The safety of AI-based medical devices is paramount. From the early detection of diseases and personalized medicine to the automation of administrative tasks - the potential applications of AI are almost limitless. However, these possibilities also come with great responsibilities. AI must meet strict regulatory requirements to ensure that it is both effective and safe for patients and users.

When do we even talk about artificial intelligence? Is every algorithm AI then?

The EU AI Act defines an AI system in Article 3 (1) as follows:

(1) 'AI system' means a machine-based system that is designed to operate with varying levels of autonomy and that may exhibit adaptiveness after deployment, and that, for explicit or implicit objectives, infers, from the input it receives, how to generate outputs such as predictions, content, recommendations, or decisions that can influence physical or virtual environments;

If we break down this definition with the question in mind as to whether every algorithm fulfills the definition of artificial intelligence, we can extract the following elements:

  • It is a computer system that has been developed so that it can work independently
  • After its introduction to the market, it can adapt (but does not have to, note: "may")
  • It can derive how it generates results from the information it receives
  • These results can be predictions, content, recommendations or decisions, which then influence both the physical world (e.g. by controlling a device) and digital environments (e.g. through adjustments in software).

In short, an AI system is a computer-controlled system that works independently and makes decisions or creates content based on information that can influence our environment. A core element is that it derives new content from the content provided and does not follow simple if-else sequences. This clearly distinguishes it from an algorithm that analyzes the heart rhythm in a defibrillator, for example, and delivers an electric shock based on this. This algorithm is not able to derive decisions independently but was developed based on special parameters against which it compares the heart rhythm.

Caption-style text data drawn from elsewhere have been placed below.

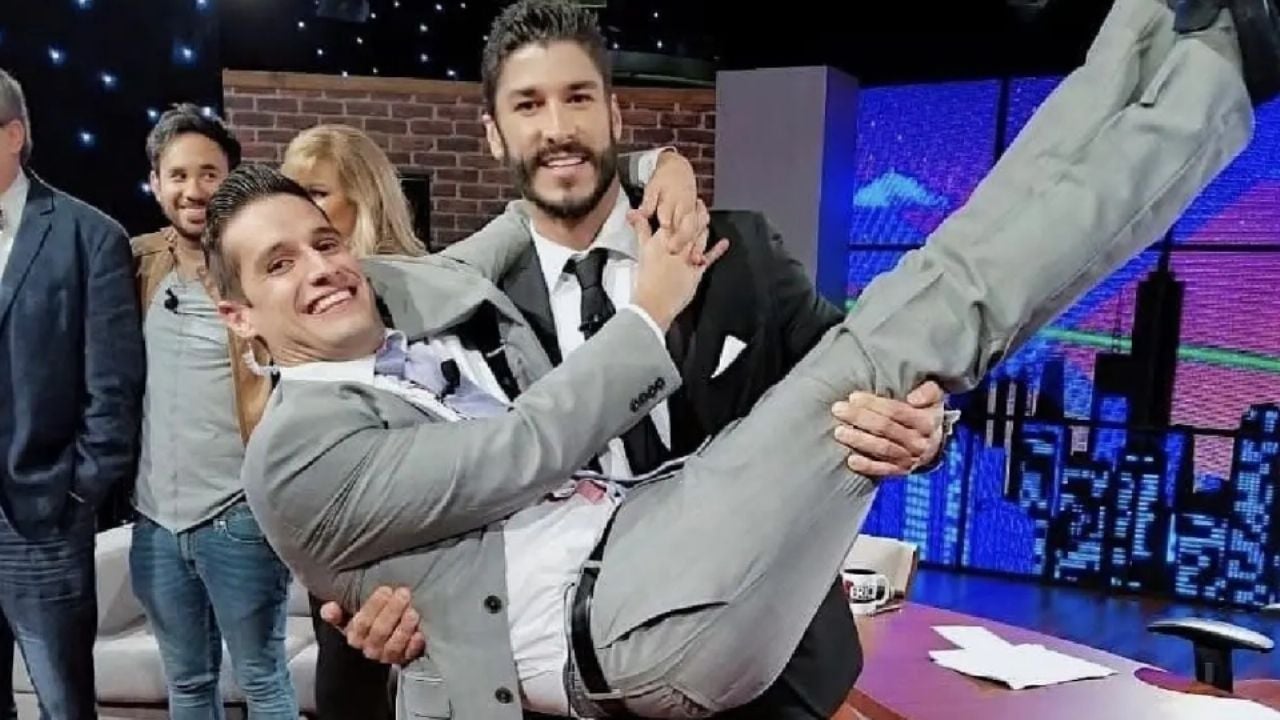 ¿Sale del clóset? Conductor de ‘VLA’ rompe silencio tras ‘romance’ con Adrián Marcelo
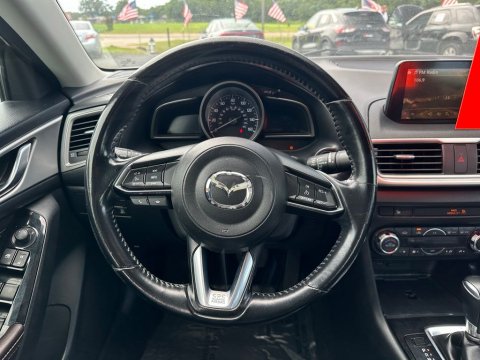 Pre-Owned Snowflake White Pearl Mica 2018 Mazda Mazda3 Touring FWD - photo 19 - Stock #X2504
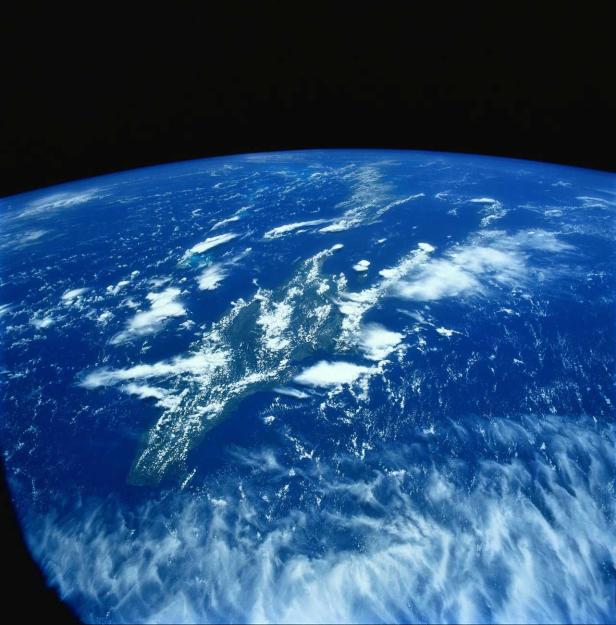 Eine Ansicht der Erde aus dem Weltraum, die Neuseeland und Wolkenformationen zeigt.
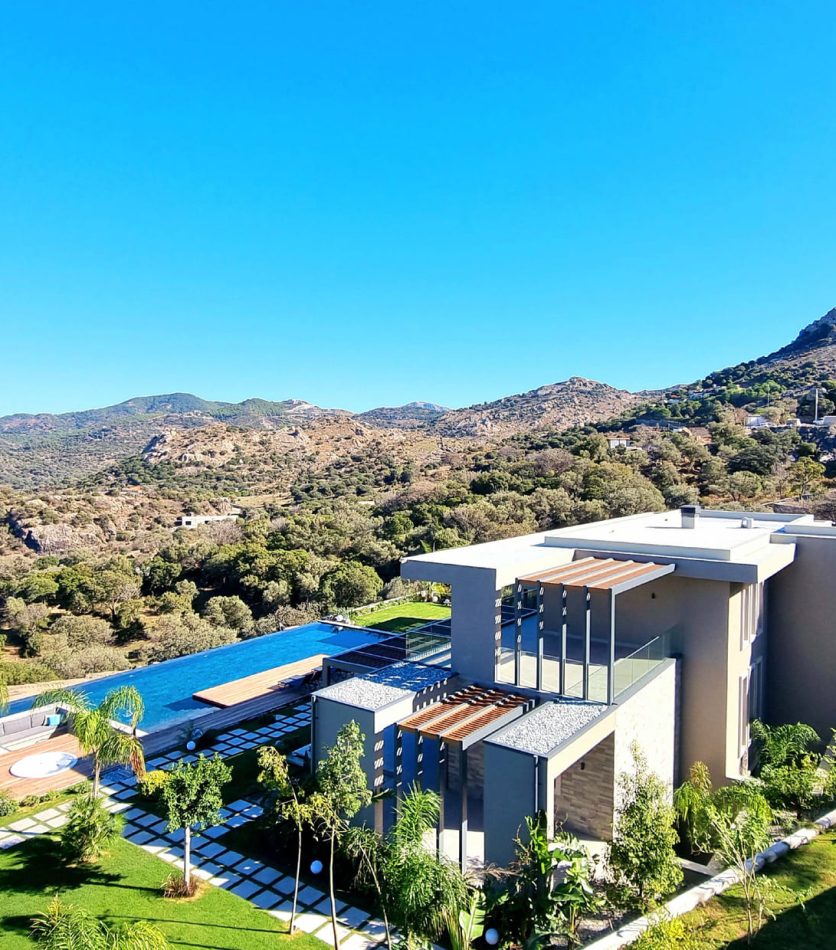 Mansion for sale in large plot in Bodrum 1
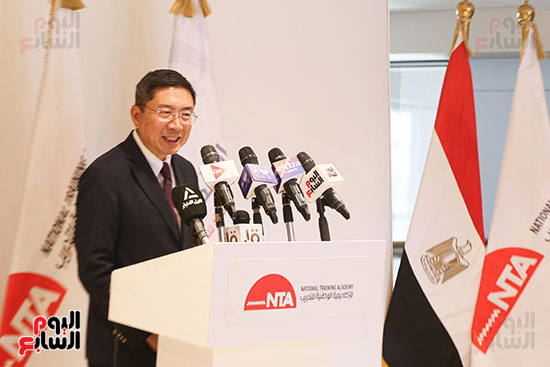 السفير دومينيك جوه سفير جمهورية سنغافورة لدى القاهرة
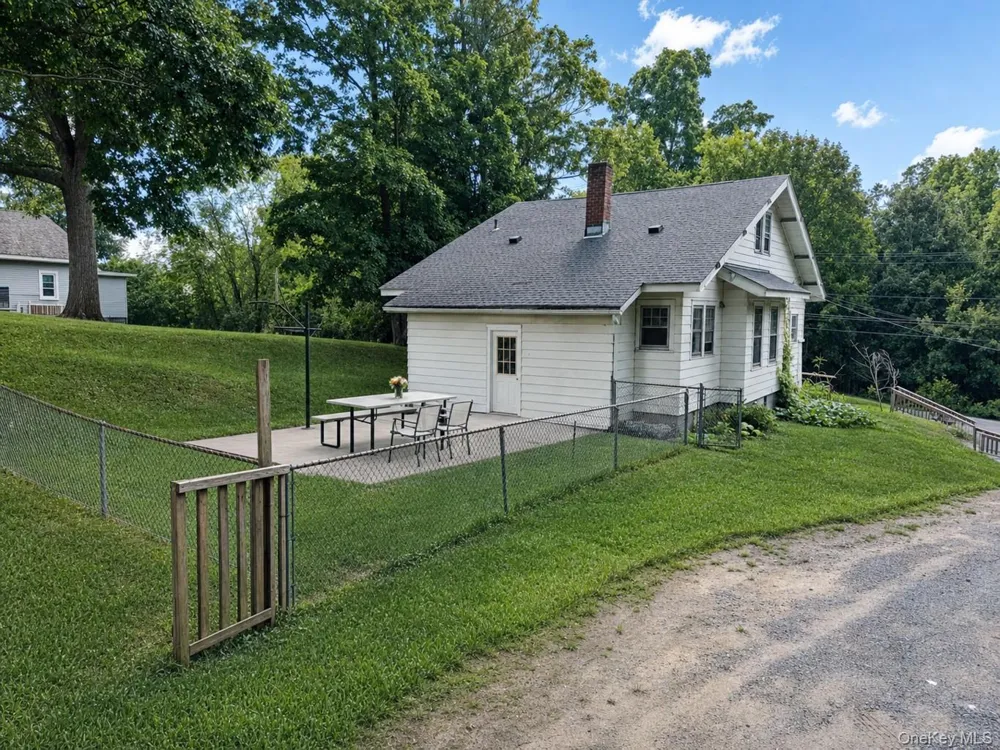4 Grove Street Harriman, NY 10950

Overview of regulatory requirements in Europe and the USA

In Europe, the EU AI Act is currently on everyone's lips, even outside the world of medical technology. The EU AI Act is a comprehensive regulation on AI by an important regulatory authority. The Act assigns applications of artificial intelligence to three risk categories:

  • Applications and systems that present an unacceptable level of risk, such as state-run social scoring, will be banned.
  • High-risk applications, such as a CV scanning tool that ranks applicants, are subject to special legal requirements.
  • Applications that are not expressly prohibited or classified as high-risk remain largely unregulated.

What does the EU AI Act mean for medical devices? Article 6 of the EU AI Act on the classification rules for high-risk AI systems provides the answer here. It states that an AI system is to be considered a high-risk system if both of the following conditions are met:

  1. The AI system is intended to be used as a safety component of a product or the AI system is itself a product covered by the Union harmonization legislation listed in Annex I;
  2. The product of which the AI system is the safety component referred to in point (a), or the AI system itself as a product, shall be subject to third party conformity assessment in order to be placed on the market or put into service in accordance with the Union harmonization legislation listed in Annex I.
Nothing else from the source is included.